Coptersafe è un’azienda russa specializzata nella vendita di hardware e software modificati, e capaci, proprio per questo, di permettere ai droni Dji di raggiungere quei luoghi che in teoria sarebbero vietati (come gli aeroporti, tanto per fare un esempio lampante). Inoltre, l’azienda in questione ha già diffuso in rete alcuni tutorial nei quali viene spiegato per filo e per segno come aggirare il geofencing, cioè quella modalità che traccia un campo prestabilito entro il quale il dispositivo può volare.

Per non parlare poi dei social network, dove vengono continuamente scambiate istruzioni per alterare il funzionamento dei droni e aggirare le norme. Insomma, una nutrita schiera di hacker ha ormai preso di mira i droni Dji.

Per questa ragione, la società cinese ha annunciato di aver diffuso un aggiornamento del software e rimosso tutte le vulnerabilità che avevano preso di mira i server proprietari. Dji, in sostanza, sta lavorando sodo per “monitorare la situazione e tenere sotto controllo ogni segnalazione”.

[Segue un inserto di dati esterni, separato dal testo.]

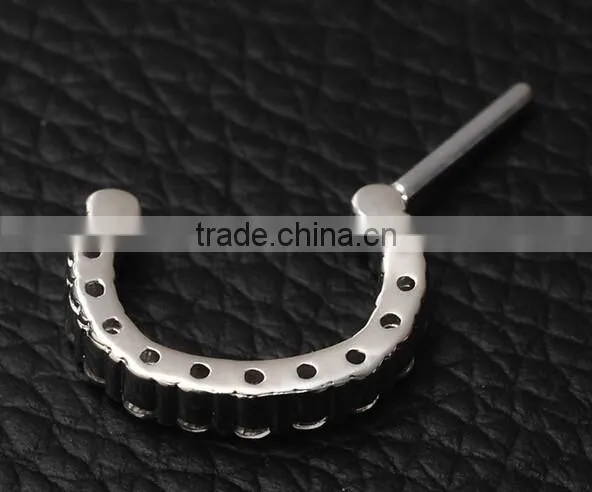 Septum Clicker Nose Rings CZ Gem Ear Piercing Cuff Diath Cartilage photo-6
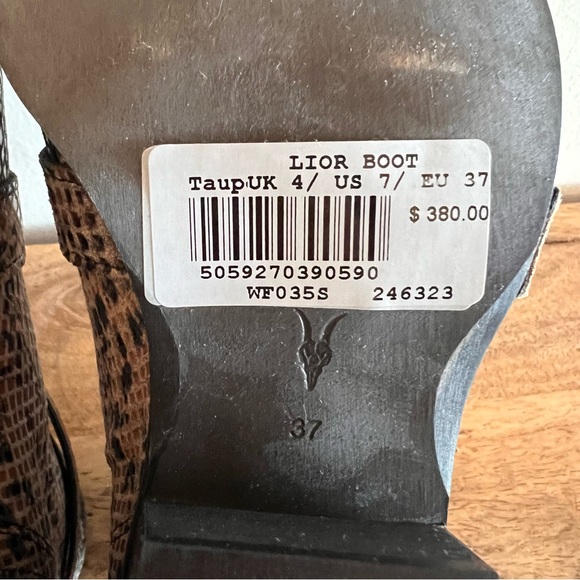 NEW Allsaints Snakeskin Print Leather Booties Pointed Toe Boho - Picture 10 of 10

In futuro, inoltre, “verranno rilasciati nuovi aggiornamenti senza alcun annuncio preventivo”. Come spiegato dalla stessa Dji al giornale La Stampa, “noi siamo responsabili per quanto viene fatto coi droni modificati e condanniamo fermamente il comportamento di chi vuol provare a modificare il velivolo per un uso non legale e tutt’altro che sicuro”.

Ma la strada si preannuncia ampiamente in salita. D’altronde, ad insidiare i droni Dji non ci si è messa solo Coptersafe, ma anche la libera condivisione di informazioni fatta da singoli utenti su forum, blog e social network rappresenta una battaglia da vincere. Ad esempio, solo pochi giorni fa un utente a rilasciato su Github un software che permette di sfruttare le falle del sistema di sicurezza per modificare la meccanica dei velivoli.